In the early
hours of the morning we were half-way through the alley route. As I pulled out
of one alley and prepared to swing into another, I saw the flashing blue lights
in my rear view mirror. I stopped at the curb and waited for the officer to approach
my window. Officers who know me and what I do usually don't turn on the blue lights,
so I was expecting the lecture about how I shouldn't be in the area and how dangerous
it is. But this officer knew me and put on the lights to be sure she didn't lose
me in the web of alleys we travel with a precision that comes from years of experience.

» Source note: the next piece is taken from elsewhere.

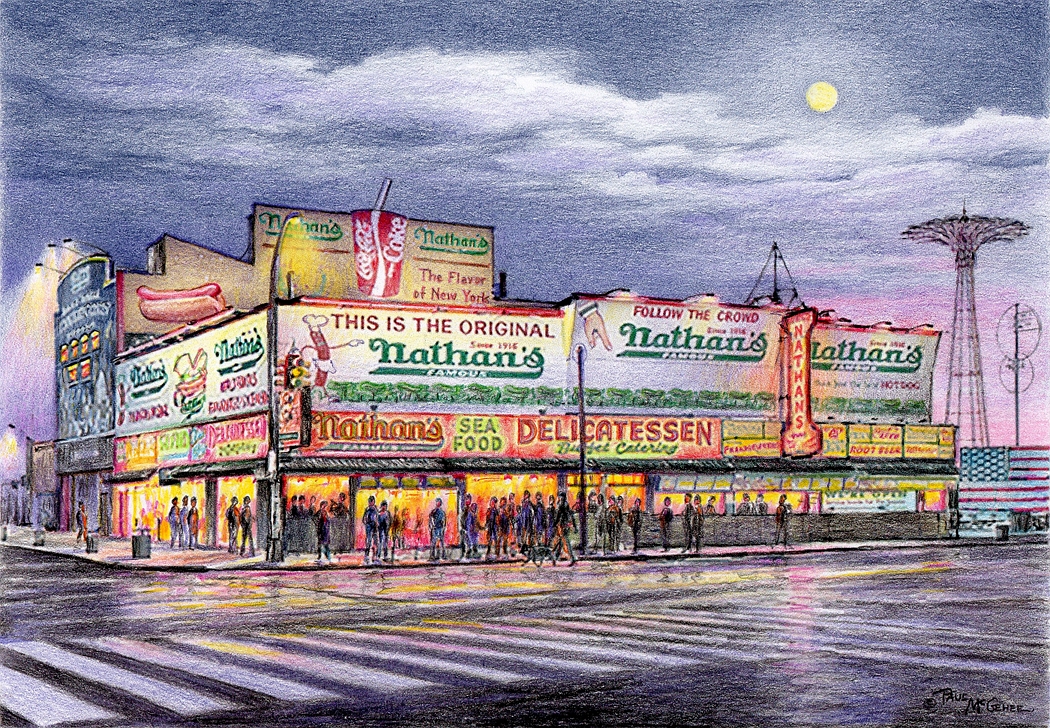 Nathan's Famous - Coney Island, New York (Paul McGehee)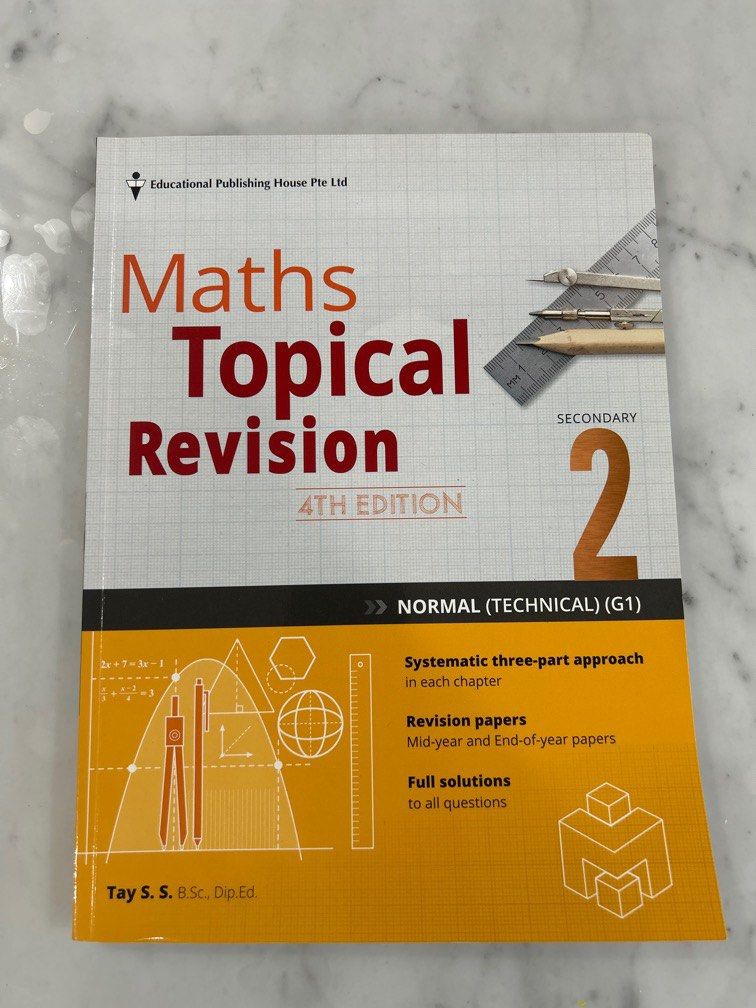 Sec 2 maths topical revision nt hobbies toys books magazines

She wanted to show me two kittens she knew would be killed if they stayed in the
broken-down building where they were living. I followed her in my car as she drove
her cruiser to an abandoned house. We both got out of our cars and the officer
poionted to a hole in the back wall of the house as the place she had seen them.
She admitted that she loved cats and knew we would help these little ones. I told
her she was right.
In one week I discovered the building
was home not to two kittens, but to a family of five -- four kittens and their
mom. Although they wouldn't let me near them, I knew I was starting to gain their
trust because when I pulled up to the back of the house, all four kittens (about
6 to 8 weeks old) would jump out of the hole and run toward the car before stopping
to wait for mom. All of them tiger-striped, they would gather in anticipation
of the meal I put down for them. Soon I could begin working on getting this family
out of harm's way.
The next night I went to their alley
a little earlier than usual to give myself extra time -- I wanted to secure the
whole family in carriers I brought especially for them. No one would be left behind.
I turned the corner and pulled into the alley. My foot automatically jammed on
the brakes when I saw the giant heap of devastation that used to be home to the
little family. That quickly and without warning, the house was torn down. In its
place were wood planks, broken glass, hunks of cement, and a bulldozer still sitting
in the middle of it all, as if proud of its destructive accomplishment. I couldn't
I pulled to my usual place and gave
my usual call, just in case anyone survived. In my mind I could hear one of the
kittens -- he was a talker -- meowing loudly as he ran toward the feeding place.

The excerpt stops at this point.